All transactions with TUA are bare in the sense that they are stripped of any of the modifiers that might normally amplify transactions with X. Basic income paid from TUA to all other users is in proportion to the total users on the network, and TUA's balance. In this way, the basic user income is also a measure of the general health of the overall network.

Discussion

The set of transactions described in the Strangecoin protocol motivate an incentive structure that is quite different from that of traditional currencies. I'll discuss some of these incentives and their impact below.

Most immediately, Strangecoin transactions are amplified by the network of economic relations employed by each party to the transaction. For this reason, the impact of a transaction isn't simply a matter of what is being traded and for how much. It also matters who you are trading with and their ongoing economic relations, which may have an important impact on the value of the transaction. This is the case even though Strangecoin are entirely fungible and Strangecoin transactions can be conducted pseudonymously.

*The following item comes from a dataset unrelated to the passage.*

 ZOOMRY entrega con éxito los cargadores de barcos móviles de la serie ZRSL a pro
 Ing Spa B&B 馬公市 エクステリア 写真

Strangecoin is "backwards compatible" with traditional currencies, in that it supports the normal method of exchanging goods and services for some discrete quantity of coin in the form of a one-time payment. However, the other transaction types allow for much deeper forms of economic dependencies over time, and explicit representations of one's contribution to one's economic community. These provide incentives to engage in transactions other than payment, for instance by some duration of support or coupling. Securing large payments in a single time step may have very little impact on one's overall income over time, and therefore may be less desirable to users than securing time-extended transactions of other types. Large payments also threaten to bring users close to their balance penalties, providing more incentive to manage economic relationship through other types of transaction.

The most important incentive in the network is the incentive to balance one's account, so that dB/dt is close to 0, and overall income matches overall expenses. If dB/dt is far from zero, then balance penalties start to become an issue. If X is at the account maximum, any additional income over that balance is forfeit to TUA. In this case, user Y has no incentive to give additional support to X, since that additional support is simply forfeit to TUA. Similarly, if X is at the account minimum, any additional expenses are drawn from TUA free of any modifiers. In this situation, user Y has no incentive to endorse X, since that endorsement is again forfeit. In these cases, the transfer of Strangecoin is below its potential, so users are less likely to engage in these transactions; in other words, balance penalties shrink the amplification of one's support network. Users nearing a penalty cannot acquire or dump their balance through TUA, so must arrange transactions with other users to manage their account. There may be income penalties on large balance transfers to prevent users authorizing large payments in order to avoid balance penalties.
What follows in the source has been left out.